The Staples Thesis, which posits a particular path of economic and national development based on the export of certain staples commodities that Canada possessed in abundance (fur, cod, timber, wheat, etc), has been debated since 1930s when Harold Innis took up the idea from W.A. Mackintosh who introduced the theory in the 1920s. Canadian historians have reached some general consensus that the staples economy, while influential from a macroeconomic perspective, fails to nuance the patterns of regional economic growth and capital accumulation that unfolded in particular parts of the country. In addition to this synthesis of staples thesis criticism and revision, the rise of world, global, and transnational history has provided the context for a new approach to the stories staples tell. Rather than explaining the history of the entire country and its development, staples commodities serve as a vehicle for exploring the relationship between, on the one hand, industrialization, urbanization, and economic growth in places of major commodity imports, and on the other hand the particular social and environmental consequences of resource extraction in places of commodity exports.

During the late nineteenth century, even as the new Dominion joined the list of quickly industrializing countries around the world, Canada continued to participate in an increasingly globalized world economy as a major exporter of raw materials. Yet, Canada’s emerging industrial base meant exports also included a growing share of value-added manufactured products. With the help of versatile visualization tools developed by Quadrigram and Esri , we have begun to explore a number of environmental histories of Canadian exports during the nineteenth century.

You can explore the Quadrigram visualizations here and here .

Developed by the Spanish data visualization tech firm Bestiario_ , Quadrigram makes it possible to quickly develop online data visualizations. Once you have a standardized dataset uploaded to Google Docs as a spreadsheet, you can use their web interface to create graphs, charts, and maps to illustrate the relationships contained in your data. Here are a few examples of how we’ve used a database* created using export statistics from the Tables of Trade and Navigation for the Dominion of Canada (available in the Canadian Sessional Papers) to populate Quadrigram visualizations.

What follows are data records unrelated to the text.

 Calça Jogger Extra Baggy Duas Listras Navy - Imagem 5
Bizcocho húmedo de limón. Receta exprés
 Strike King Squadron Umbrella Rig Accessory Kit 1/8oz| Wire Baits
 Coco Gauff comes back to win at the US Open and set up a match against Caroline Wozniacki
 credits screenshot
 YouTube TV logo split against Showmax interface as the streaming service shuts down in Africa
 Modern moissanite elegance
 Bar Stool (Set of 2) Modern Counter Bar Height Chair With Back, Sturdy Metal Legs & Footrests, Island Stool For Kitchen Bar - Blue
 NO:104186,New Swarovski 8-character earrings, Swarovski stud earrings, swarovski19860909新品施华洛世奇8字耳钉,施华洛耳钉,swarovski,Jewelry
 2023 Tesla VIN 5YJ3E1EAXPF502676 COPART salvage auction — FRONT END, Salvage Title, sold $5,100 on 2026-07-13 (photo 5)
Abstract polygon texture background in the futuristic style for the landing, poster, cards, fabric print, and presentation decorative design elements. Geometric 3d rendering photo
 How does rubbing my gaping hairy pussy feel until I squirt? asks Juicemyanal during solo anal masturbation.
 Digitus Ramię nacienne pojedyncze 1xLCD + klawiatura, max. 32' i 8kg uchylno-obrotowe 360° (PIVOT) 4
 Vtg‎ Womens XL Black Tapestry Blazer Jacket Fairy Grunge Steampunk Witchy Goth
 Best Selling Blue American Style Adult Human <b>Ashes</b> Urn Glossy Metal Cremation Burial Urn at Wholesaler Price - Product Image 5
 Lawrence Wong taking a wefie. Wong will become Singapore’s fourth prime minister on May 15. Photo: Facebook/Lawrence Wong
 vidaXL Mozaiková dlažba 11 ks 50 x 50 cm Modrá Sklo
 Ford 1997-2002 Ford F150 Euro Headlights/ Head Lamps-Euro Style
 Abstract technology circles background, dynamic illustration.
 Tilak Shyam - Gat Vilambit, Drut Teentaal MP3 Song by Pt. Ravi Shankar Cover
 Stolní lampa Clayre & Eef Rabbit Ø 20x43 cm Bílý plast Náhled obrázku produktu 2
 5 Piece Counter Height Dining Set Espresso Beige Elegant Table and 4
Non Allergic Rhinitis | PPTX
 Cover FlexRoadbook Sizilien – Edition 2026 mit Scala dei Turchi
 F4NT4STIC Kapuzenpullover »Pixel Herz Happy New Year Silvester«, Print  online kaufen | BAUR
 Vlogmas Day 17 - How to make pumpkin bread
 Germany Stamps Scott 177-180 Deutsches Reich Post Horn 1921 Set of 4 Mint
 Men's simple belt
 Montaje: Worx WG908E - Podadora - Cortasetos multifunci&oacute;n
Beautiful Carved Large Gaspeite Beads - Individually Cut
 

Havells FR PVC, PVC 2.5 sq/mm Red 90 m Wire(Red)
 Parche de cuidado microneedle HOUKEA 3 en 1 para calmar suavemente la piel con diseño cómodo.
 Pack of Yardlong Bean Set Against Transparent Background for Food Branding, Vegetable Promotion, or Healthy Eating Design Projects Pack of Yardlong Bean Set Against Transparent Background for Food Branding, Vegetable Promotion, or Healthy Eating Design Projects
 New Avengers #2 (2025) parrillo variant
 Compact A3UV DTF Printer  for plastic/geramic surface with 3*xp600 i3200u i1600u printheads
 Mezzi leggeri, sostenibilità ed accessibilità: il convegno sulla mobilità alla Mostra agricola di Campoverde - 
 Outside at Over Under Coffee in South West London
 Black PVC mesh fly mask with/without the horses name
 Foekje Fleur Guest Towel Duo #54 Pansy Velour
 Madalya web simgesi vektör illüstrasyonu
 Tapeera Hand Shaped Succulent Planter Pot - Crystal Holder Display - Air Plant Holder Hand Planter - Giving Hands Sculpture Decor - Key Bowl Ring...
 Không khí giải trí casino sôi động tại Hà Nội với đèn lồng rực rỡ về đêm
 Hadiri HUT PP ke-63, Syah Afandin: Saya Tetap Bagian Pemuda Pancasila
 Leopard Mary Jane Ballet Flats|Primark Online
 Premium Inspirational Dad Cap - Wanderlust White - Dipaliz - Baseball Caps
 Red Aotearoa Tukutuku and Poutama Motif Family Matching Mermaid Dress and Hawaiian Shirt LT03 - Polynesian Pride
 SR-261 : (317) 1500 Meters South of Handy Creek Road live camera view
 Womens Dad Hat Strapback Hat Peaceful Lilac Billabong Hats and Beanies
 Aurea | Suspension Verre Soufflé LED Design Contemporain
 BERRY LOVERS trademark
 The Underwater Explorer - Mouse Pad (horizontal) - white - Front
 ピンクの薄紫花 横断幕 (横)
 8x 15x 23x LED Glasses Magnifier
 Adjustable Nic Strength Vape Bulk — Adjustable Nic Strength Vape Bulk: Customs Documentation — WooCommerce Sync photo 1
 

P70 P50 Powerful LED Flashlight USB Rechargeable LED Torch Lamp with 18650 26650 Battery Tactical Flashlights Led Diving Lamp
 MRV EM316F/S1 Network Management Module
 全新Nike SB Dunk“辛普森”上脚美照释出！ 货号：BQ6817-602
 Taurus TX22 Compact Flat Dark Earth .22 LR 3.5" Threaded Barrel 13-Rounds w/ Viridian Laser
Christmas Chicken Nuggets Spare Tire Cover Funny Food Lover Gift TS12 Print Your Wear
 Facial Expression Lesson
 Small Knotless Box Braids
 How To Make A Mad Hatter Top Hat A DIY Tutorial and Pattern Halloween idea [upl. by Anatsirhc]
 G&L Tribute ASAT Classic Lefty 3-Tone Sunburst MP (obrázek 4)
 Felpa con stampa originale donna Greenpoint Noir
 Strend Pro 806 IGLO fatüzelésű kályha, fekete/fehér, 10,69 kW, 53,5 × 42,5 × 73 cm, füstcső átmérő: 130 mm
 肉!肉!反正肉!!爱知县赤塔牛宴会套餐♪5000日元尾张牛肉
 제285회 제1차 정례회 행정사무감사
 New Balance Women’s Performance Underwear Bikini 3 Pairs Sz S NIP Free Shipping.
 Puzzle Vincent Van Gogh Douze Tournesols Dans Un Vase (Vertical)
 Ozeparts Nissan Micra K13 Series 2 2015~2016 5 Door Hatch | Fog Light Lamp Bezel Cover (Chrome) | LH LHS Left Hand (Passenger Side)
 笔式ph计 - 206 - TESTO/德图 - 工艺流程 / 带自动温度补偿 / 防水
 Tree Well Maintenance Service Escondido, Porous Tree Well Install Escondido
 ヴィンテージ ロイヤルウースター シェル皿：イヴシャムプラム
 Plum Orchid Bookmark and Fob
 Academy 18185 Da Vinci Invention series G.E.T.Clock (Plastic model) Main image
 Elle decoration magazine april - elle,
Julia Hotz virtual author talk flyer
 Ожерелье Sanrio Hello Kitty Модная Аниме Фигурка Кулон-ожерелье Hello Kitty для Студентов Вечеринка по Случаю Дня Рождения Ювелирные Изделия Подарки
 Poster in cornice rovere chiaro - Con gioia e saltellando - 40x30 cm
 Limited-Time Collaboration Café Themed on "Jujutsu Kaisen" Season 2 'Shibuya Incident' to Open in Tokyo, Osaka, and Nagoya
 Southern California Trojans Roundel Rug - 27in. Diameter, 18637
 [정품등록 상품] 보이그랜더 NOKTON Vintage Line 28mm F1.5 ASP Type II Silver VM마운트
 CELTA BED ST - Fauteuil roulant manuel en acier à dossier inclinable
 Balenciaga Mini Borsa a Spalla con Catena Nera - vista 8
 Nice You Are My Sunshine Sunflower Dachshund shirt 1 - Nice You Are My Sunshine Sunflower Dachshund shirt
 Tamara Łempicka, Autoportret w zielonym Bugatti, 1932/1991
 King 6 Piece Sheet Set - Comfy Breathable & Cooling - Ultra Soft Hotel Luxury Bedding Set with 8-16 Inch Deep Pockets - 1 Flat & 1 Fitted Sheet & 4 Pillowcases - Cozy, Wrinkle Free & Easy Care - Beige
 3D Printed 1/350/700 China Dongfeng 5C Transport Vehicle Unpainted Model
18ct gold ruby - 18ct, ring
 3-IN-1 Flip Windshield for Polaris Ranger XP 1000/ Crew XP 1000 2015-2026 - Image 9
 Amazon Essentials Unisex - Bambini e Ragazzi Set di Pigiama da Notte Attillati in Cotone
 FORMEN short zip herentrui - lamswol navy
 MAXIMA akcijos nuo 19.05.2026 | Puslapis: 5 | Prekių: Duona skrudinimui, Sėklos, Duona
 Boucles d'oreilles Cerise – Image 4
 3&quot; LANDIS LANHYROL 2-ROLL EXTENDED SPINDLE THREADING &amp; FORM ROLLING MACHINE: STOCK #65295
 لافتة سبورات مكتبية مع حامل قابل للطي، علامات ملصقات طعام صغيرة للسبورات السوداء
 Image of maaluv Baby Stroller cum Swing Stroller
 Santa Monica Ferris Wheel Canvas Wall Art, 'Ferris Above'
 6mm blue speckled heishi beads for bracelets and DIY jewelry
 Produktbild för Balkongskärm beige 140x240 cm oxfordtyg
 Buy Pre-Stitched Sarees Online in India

Planks, boards, and deals:

Planks and boards exported from Canada, 1871

One way to explore the Canadian exports data is by narrowing in on one commodity to explore staples thesis-related patterns over time. For example, identified by Innis as one of Canada’s defining staples, timber remained one of Canada’s largest exports, nearly all of which went to Britain. A more interesting story emerges when we examine the export of boards and planks. As the amount of timber sent to Britain diminished over the late nineteenth century, the amount of planks and boards exported to the U.S. increased. A shift toward more value-added wood products fed urbanization in cities around the Great Lakes. Visualizing the data not only illustrates the dominant position of Britain and the U.S. vis-à-vis Canadian exports, but more subtle trade connections as well. Whereas timber exports were sent overwhelmingly to Britain and smaller amounts to a handful of western European countries, planks and boards were exported to over a dozen Caribbean and South American destinations. Visualizing the data related to a specific commodity also allows us to track shifting patterns in the origins of these commodities. During the late nineteenth century, the Tables of Trade and Navigation recorded the province from which commodities were exported. In the case of planks and boards, this allows us to track the shift the centre of sawmilling operations from Quebec to Ontario between 1871 and 1881.

Nova Scotia:

Exports from Nova Scotia, 1871

Rather than focus on a particular commodity, however, staples-related research might instead be informed by an interest in how staples shaped a particular region or province in Canada. Quite predictably, throughout the nineteenth century, the vast majority of exports originating from Quebec and Ontario went to Britain and the U.S. In the case of Nova Scotia, however, the share of exports to Britain and the U.S. barely approached 50 percent. Rather, destinations such as the British West Indies, the Spanish West Indies, the French West Indies, and British Guiana all account for significant shares of Canadian exports. Nova Scotia exports to the Caribbean were mainly fish and lumber to support sugar plantations, the products of which were in turn exported to Britain.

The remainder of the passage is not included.